Nachvollziehbar. Meiner bescheidenen Meinung nach wurde der technische Aspekt aber deutlich reduziert, oder irre ich mich?
Keineswegs. Alle Songs, die auf »Five Serpent's Teeth« zu hören sind, leben vordergründig von ihren Emotionen und nicht von ihrer Spielweise. Keiner von uns ist daran interessiert, sich als Instrumentalist ins Rampenlicht zu drängen, bei uns regiert das Kollektiv.

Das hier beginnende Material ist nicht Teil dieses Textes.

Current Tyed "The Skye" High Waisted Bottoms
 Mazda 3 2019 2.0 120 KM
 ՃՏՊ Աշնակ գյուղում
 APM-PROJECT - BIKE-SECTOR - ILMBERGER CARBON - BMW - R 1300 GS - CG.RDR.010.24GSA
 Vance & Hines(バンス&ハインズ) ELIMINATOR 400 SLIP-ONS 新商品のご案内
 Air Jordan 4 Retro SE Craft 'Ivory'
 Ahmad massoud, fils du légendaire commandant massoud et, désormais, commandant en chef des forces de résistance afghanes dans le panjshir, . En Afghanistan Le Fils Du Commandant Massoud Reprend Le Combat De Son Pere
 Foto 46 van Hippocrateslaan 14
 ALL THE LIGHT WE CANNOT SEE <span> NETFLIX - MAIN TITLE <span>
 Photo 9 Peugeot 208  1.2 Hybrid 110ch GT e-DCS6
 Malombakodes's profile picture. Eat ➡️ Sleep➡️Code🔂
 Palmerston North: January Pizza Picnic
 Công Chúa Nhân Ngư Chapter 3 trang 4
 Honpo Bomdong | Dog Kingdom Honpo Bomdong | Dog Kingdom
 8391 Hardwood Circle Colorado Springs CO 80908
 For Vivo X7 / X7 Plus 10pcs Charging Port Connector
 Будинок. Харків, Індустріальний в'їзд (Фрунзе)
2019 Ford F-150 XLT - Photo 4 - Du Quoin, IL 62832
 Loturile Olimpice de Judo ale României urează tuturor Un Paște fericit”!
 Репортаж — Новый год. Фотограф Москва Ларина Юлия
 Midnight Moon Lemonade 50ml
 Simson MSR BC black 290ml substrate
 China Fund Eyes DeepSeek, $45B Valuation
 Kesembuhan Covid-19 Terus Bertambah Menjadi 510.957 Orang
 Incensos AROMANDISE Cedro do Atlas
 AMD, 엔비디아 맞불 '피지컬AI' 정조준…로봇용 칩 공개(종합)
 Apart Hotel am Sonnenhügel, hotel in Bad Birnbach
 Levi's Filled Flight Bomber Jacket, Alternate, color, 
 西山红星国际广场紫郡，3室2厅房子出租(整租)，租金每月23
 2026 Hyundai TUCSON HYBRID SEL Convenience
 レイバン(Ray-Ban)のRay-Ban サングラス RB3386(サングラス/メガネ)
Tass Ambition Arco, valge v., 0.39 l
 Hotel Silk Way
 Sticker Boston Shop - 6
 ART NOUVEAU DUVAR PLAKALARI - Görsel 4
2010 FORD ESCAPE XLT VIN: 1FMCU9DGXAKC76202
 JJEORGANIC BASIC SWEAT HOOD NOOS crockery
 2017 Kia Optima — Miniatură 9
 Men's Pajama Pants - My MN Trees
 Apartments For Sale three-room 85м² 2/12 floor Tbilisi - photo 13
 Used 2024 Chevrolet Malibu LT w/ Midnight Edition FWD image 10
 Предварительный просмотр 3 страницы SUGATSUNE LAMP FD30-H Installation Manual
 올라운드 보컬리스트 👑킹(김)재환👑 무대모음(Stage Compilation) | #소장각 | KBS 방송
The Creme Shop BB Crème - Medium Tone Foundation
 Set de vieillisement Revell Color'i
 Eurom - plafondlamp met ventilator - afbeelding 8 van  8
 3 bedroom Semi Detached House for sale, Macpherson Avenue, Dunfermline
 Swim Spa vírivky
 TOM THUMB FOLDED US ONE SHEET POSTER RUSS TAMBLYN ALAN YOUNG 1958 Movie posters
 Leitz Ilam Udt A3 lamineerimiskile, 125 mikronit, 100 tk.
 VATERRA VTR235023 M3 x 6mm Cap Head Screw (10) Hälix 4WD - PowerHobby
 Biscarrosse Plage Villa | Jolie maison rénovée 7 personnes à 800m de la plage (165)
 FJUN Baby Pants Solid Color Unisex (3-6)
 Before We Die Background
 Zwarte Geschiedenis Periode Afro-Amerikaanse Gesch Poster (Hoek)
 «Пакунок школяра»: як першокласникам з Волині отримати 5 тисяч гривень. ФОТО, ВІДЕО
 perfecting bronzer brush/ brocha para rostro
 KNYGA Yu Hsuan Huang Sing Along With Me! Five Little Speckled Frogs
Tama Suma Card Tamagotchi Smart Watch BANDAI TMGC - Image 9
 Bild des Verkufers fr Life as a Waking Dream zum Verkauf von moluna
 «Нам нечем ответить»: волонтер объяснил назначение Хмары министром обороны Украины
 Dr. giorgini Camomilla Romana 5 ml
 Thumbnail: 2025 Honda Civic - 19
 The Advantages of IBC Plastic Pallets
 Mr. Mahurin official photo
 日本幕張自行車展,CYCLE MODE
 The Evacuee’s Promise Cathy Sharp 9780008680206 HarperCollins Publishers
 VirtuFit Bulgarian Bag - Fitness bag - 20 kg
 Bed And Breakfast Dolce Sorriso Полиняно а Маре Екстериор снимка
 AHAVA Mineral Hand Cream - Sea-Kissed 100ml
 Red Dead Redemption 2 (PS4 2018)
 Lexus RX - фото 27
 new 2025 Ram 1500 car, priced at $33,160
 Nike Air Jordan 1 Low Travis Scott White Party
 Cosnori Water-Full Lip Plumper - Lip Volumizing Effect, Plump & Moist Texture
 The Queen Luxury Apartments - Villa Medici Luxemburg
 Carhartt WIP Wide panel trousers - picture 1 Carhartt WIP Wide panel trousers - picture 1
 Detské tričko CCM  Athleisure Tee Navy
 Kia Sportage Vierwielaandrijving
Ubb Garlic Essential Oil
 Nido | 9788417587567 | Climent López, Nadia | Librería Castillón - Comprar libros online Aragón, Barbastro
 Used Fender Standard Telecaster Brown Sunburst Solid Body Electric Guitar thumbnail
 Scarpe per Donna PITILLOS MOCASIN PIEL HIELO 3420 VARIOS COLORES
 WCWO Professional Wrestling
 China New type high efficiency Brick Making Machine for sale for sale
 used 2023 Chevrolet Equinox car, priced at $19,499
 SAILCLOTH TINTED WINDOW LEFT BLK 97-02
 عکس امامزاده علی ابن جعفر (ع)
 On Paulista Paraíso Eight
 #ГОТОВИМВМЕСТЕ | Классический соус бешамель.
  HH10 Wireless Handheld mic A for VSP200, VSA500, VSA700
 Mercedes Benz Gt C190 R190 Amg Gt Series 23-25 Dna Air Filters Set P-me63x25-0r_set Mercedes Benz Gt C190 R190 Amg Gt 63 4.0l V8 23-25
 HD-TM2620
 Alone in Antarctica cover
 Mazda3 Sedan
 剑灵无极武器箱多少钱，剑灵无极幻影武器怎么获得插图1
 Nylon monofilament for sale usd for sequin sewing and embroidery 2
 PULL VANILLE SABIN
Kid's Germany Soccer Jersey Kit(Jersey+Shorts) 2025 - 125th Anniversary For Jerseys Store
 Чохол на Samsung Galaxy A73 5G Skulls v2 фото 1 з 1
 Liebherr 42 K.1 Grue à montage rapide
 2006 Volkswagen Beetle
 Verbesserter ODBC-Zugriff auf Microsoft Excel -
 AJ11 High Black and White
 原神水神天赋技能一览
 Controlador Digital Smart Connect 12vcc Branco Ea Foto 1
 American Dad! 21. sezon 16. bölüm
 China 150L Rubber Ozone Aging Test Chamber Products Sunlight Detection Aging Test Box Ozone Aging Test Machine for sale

Auch wenn es vielleicht nicht einfach nachzuvollziehen sein mag, vermeine ich zudem, auch noch herauszuhören, daß Ihr Briten seid und das trotz aller Einflüsse aus Amiland. Wie kommt's?
Auch das kommt für mich nicht ganz so überraschend. Vielleicht liegt es ja speziell an dieser britischen Besonderheit, die man wohl auch als Emotionalität bezeichnen kann. Abgesehen davon ist es ja auch kein Geheimnis, daß mich einheimische Bands ebenso inspiriert haben. Mehr noch, ich kann mit Fug und Recht behaupten, mit Formationen wie ONSLAUGHT aufgewachsen zu sein. Deren »In Search Of Sanity« hatte ich übrigens für das bis dato beste Thrash Metal-Album überhaupt, das jemals hier auf der Insel eingespielt wurde.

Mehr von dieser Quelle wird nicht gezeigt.